** Opening Record excerpts block **

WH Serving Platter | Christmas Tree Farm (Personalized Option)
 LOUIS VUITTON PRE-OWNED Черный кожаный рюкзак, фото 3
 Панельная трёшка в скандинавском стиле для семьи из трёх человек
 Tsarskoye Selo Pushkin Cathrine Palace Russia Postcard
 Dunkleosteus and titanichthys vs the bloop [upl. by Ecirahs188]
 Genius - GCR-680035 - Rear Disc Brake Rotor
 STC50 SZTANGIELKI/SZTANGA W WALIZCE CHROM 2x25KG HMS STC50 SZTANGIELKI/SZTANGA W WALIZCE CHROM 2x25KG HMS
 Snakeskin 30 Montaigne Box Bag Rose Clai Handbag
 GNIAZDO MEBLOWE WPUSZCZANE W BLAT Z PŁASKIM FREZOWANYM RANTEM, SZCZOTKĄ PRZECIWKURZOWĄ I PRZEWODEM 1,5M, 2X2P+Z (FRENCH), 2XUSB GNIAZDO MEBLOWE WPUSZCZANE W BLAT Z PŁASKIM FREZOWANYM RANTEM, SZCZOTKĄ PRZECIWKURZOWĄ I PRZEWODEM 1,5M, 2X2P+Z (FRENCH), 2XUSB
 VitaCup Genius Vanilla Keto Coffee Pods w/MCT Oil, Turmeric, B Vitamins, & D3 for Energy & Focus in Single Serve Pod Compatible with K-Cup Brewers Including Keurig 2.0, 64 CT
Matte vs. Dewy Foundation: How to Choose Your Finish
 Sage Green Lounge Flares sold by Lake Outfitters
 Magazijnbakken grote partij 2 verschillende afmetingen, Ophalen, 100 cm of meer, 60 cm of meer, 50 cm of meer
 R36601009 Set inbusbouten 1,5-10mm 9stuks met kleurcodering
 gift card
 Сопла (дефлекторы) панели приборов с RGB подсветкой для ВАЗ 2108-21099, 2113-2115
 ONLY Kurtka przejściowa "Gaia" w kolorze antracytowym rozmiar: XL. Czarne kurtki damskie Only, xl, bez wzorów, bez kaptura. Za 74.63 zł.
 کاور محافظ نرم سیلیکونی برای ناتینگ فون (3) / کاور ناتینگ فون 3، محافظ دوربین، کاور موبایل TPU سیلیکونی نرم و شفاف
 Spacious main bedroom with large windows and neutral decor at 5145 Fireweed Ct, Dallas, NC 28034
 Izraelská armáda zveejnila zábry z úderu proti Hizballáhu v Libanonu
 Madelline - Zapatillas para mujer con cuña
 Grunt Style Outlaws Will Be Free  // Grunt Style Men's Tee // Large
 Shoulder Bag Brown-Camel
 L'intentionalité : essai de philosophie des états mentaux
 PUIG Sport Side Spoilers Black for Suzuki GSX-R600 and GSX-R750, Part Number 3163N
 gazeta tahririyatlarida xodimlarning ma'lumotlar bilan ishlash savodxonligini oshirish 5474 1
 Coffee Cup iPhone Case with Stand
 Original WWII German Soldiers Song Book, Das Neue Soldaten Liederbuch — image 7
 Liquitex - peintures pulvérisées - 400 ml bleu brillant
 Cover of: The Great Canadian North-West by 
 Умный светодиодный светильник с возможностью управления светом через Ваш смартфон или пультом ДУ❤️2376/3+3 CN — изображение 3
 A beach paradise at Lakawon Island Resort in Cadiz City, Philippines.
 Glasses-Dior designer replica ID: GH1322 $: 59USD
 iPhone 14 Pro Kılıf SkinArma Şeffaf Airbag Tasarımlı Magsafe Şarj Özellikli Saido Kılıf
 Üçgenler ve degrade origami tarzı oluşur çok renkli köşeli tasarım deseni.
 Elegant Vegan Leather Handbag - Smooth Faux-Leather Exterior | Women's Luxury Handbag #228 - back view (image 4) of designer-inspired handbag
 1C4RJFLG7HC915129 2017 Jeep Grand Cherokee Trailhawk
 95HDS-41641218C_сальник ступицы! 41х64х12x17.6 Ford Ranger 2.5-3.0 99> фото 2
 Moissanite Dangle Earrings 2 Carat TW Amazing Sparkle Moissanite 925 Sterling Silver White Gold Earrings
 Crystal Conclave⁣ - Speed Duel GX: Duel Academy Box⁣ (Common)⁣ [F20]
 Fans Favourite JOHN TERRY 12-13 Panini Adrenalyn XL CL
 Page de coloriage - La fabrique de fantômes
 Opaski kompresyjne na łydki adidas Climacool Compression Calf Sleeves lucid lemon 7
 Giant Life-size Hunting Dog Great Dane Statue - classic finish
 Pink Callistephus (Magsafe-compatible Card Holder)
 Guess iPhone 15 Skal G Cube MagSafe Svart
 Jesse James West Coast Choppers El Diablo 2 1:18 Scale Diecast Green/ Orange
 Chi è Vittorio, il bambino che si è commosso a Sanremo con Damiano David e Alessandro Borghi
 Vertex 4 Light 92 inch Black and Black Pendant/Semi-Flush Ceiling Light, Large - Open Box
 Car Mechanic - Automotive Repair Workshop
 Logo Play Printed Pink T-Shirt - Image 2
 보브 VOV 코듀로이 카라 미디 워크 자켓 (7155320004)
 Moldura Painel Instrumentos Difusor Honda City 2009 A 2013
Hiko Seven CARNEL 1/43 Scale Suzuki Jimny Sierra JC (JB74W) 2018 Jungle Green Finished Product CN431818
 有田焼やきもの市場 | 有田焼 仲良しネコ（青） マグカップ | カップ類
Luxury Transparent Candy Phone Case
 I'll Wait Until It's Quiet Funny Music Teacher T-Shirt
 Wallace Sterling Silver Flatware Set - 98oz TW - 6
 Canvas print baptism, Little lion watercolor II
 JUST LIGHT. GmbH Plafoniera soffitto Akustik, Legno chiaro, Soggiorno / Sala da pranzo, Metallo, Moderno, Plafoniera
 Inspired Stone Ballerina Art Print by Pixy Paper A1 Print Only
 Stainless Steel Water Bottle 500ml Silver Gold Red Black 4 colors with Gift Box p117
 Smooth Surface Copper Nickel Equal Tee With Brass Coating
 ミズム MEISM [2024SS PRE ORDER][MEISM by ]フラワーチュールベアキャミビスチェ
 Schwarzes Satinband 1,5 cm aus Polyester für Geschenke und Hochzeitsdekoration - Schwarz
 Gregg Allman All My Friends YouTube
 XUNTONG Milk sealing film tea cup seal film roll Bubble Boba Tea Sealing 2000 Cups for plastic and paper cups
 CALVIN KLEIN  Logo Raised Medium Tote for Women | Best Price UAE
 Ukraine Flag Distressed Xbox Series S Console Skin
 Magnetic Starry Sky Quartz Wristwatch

** Closing Record excerpts block **

## Task statement
Reproduce every record exactly, line by line.

## Exercise solution
WH Serving Platter | Christmas Tree Farm (Personalized Option)
 LOUIS VUITTON PRE-OWNED Черный кожаный рюкзак, фото 3
 Панельная трёшка в скандинавском стиле для семьи из трёх человек
 Tsarskoye Selo Pushkin Cathrine Palace Russia Postcard
 Dunkleosteus and titanichthys vs the bloop [upl. by Ecirahs188]
 Genius - GCR-680035 - Rear Disc Brake Rotor
 STC50 SZTANGIELKI/SZTANGA W WALIZCE CHROM 2x25KG HMS STC50 SZTANGIELKI/SZTANGA W WALIZCE CHROM 2x25KG HMS
 Snakeskin 30 Montaigne Box Bag Rose Clai Handbag
 GNIAZDO MEBLOWE WPUSZCZANE W BLAT Z PŁASKIM FREZOWANYM RANTEM, SZCZOTKĄ PRZECIWKURZOWĄ I PRZEWODEM 1,5M, 2X2P+Z (FRENCH), 2XUSB GNIAZDO MEBLOWE WPUSZCZANE W BLAT Z PŁASKIM FREZOWANYM RANTEM, SZCZOTKĄ PRZECIWKURZOWĄ I PRZEWODEM 1,5M, 2X2P+Z (FRENCH), 2XUSB
 VitaCup Genius Vanilla Keto Coffee Pods w/MCT Oil, Turmeric, B Vitamins, & D3 for Energy & Focus in Single Serve Pod Compatible with K-Cup Brewers Including Keurig 2.0, 64 CT
Matte vs. Dewy Foundation: How to Choose Your Finish
 Sage Green Lounge Flares sold by Lake Outfitters
 Magazijnbakken grote partij 2 verschillende afmetingen, Ophalen, 100 cm of meer, 60 cm of meer, 50 cm of meer
 R36601009 Set inbusbouten 1,5-10mm 9stuks met kleurcodering
 gift card
 Сопла (дефлекторы) панели приборов с RGB подсветкой для ВАЗ 2108-21099, 2113-2115
 ONLY Kurtka przejściowa "Gaia" w kolorze antracytowym rozmiar: XL. Czarne kurtki damskie Only, xl, bez wzorów, bez kaptura. Za 74.63 zł.
 کاور محافظ نرم سیلیکونی برای ناتینگ فون (3) / کاور ناتینگ فون 3، محافظ دوربین، کاور موبایل TPU سیلیکونی نرم و شفاف
 Spacious main bedroom with large windows and neutral decor at 5145 Fireweed Ct, Dallas, NC 28034
 Izraelská armáda zveejnila zábry z úderu proti Hizballáhu v Libanonu
 Madelline - Zapatillas para mujer con cuña
 Grunt Style Outlaws Will Be Free  // Grunt Style Men's Tee // Large
 Shoulder Bag Brown-Camel
 L'intentionalité : essai de philosophie des états mentaux
 PUIG Sport Side Spoilers Black for Suzuki GSX-R600 and GSX-R750, Part Number 3163N
 gazeta tahririyatlarida xodimlarning ma'lumotlar bilan ishlash savodxonligini oshirish 5474 1
 Coffee Cup iPhone Case with Stand
 Original WWII German Soldiers Song Book, Das Neue Soldaten Liederbuch — image 7
 Liquitex - peintures pulvérisées - 400 ml bleu brillant
 Cover of: The Great Canadian North-West by 
 Умный светодиодный светильник с возможностью управления светом через Ваш смартфон или пультом ДУ❤️2376/3+3 CN — изображение 3
 A beach paradise at Lakawon Island Resort in Cadiz City, Philippines.
 Glasses-Dior designer replica ID: GH1322 $: 59USD
 iPhone 14 Pro Kılıf SkinArma Şeffaf Airbag Tasarımlı Magsafe Şarj Özellikli Saido Kılıf
 Üçgenler ve degrade origami tarzı oluşur çok renkli köşeli tasarım deseni.
 Elegant Vegan Leather Handbag - Smooth Faux-Leather Exterior | Women's Luxury Handbag #228 - back view (image 4) of designer-inspired handbag
 1C4RJFLG7HC915129 2017 Jeep Grand Cherokee Trailhawk
 95HDS-41641218C_сальник ступицы! 41х64х12x17.6 Ford Ranger 2.5-3.0 99> фото 2
 Moissanite Dangle Earrings 2 Carat TW Amazing Sparkle Moissanite 925 Sterling Silver White Gold Earrings
 Crystal Conclave⁣ - Speed Duel GX: Duel Academy Box⁣ (Common)⁣ [F20]
 Fans Favourite JOHN TERRY 12-13 Panini Adrenalyn XL CL
 Page de coloriage - La fabrique de fantômes
 Opaski kompresyjne na łydki adidas Climacool Compression Calf Sleeves lucid lemon 7
 Giant Life-size Hunting Dog Great Dane Statue - classic finish
 Pink Callistephus (Magsafe-compatible Card Holder)
 Guess iPhone 15 Skal G Cube MagSafe Svart
 Jesse James West Coast Choppers El Diablo 2 1:18 Scale Diecast Green/ Orange
 Chi è Vittorio, il bambino che si è commosso a Sanremo con Damiano David e Alessandro Borghi
 Vertex 4 Light 92 inch Black and Black Pendant/Semi-Flush Ceiling Light, Large - Open Box
 Car Mechanic - Automotive Repair Workshop
 Logo Play Printed Pink T-Shirt - Image 2
 보브 VOV 코듀로이 카라 미디 워크 자켓 (7155320004)
 Moldura Painel Instrumentos Difusor Honda City 2009 A 2013
Hiko Seven CARNEL 1/43 Scale Suzuki Jimny Sierra JC (JB74W) 2018 Jungle Green Finished Product CN431818
 有田焼やきもの市場 | 有田焼 仲良しネコ（青） マグカップ | カップ類
Luxury Transparent Candy Phone Case
 I'll Wait Until It's Quiet Funny Music Teacher T-Shirt
 Wallace Sterling Silver Flatware Set - 98oz TW - 6
 Canvas print baptism, Little lion watercolor II
 JUST LIGHT. GmbH Plafoniera soffitto Akustik, Legno chiaro, Soggiorno / Sala da pranzo, Metallo, Moderno, Plafoniera
 Inspired Stone Ballerina Art Print by Pixy Paper A1 Print Only
 Stainless Steel Water Bottle 500ml Silver Gold Red Black 4 colors with Gift Box p117
 Smooth Surface Copper Nickel Equal Tee With Brass Coating
 ミズム MEISM [2024SS PRE ORDER][MEISM by ]フラワーチュールベアキャミビスチェ
 Schwarzes Satinband 1,5 cm aus Polyester für Geschenke und Hochzeitsdekoration - Schwarz
 Gregg Allman All My Friends YouTube
 XUNTONG Milk sealing film tea cup seal film roll Bubble Boba Tea Sealing 2000 Cups for plastic and paper cups
 CALVIN KLEIN  Logo Raised Medium Tote for Women | Best Price UAE
 Ukraine Flag Distressed Xbox Series S Console Skin
 Magnetic Starry Sky Quartz Wristwatch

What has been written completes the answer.